[Start of Attachment]

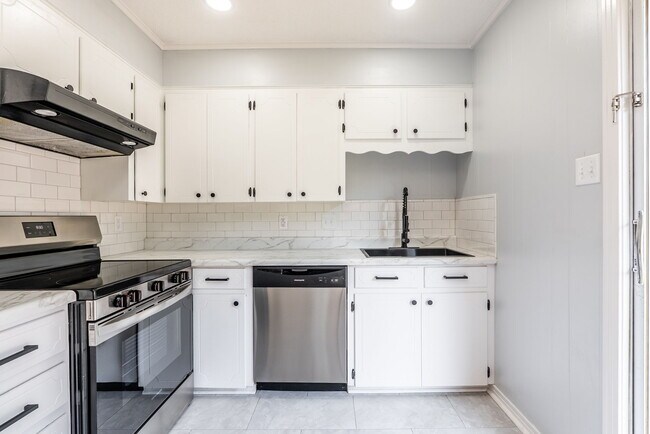 Building Photo - 9000 Woodbine Dr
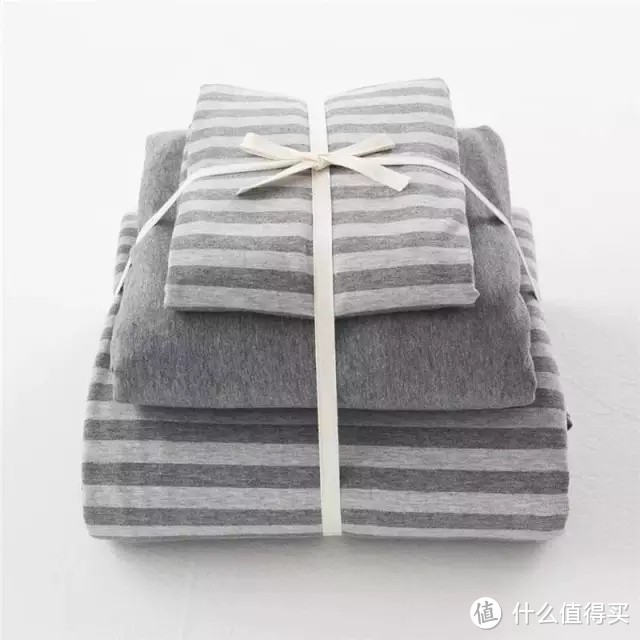 别被“水洗感”忽悠了！高支高密的床品确实是好东西，未来你也能买得起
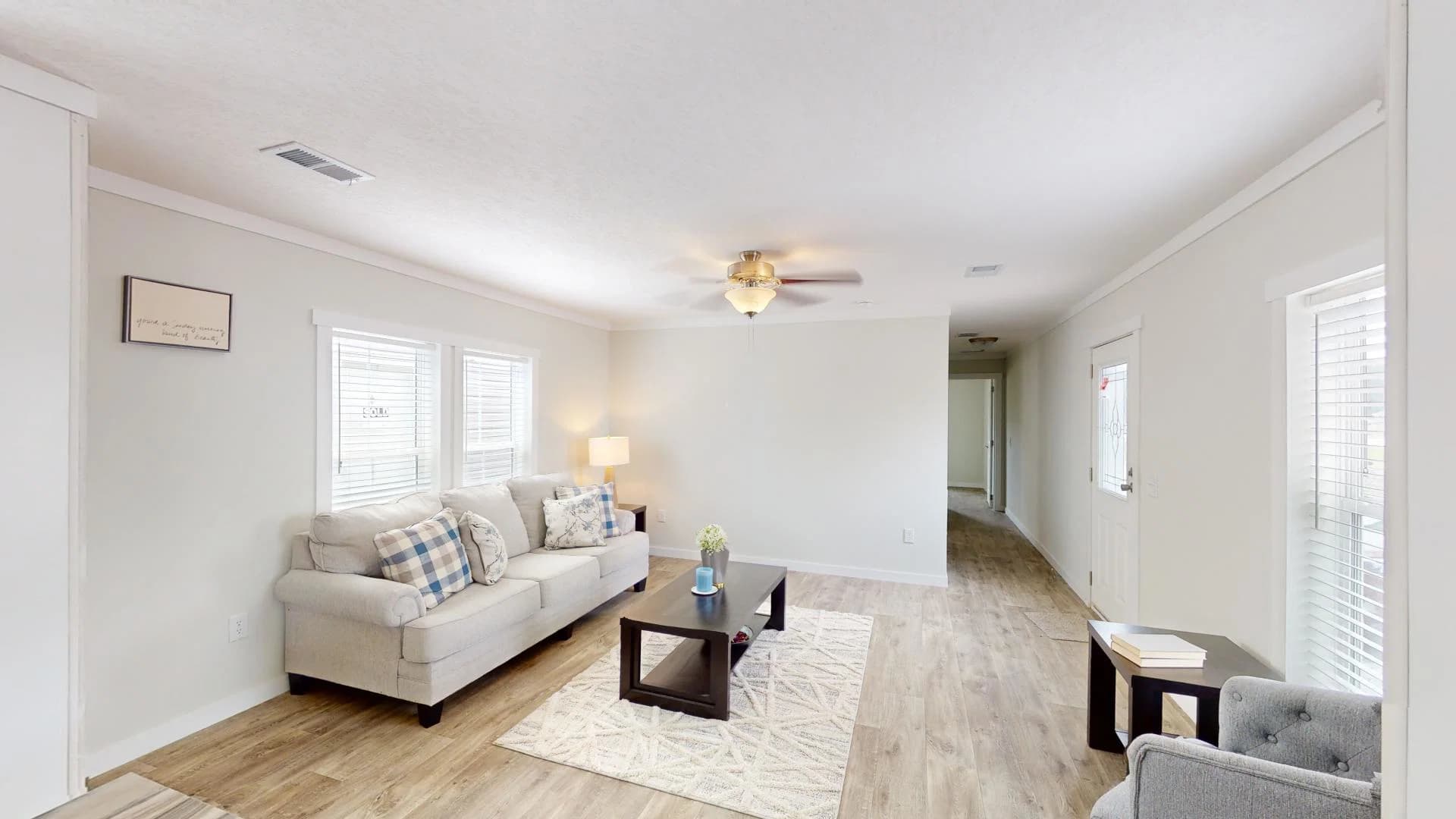 Pri1680-102 interior home features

[End of Attachment]

◆ What you need to do
What you return should match the material word for word, apart from the pictures.

◆ Task response
 Building Photo - 9000 Woodbine Dr
 别被“水洗感”忽悠了！高支高密的床品确实是好东西，未来你也能买得起
 Pri1680-102 interior home features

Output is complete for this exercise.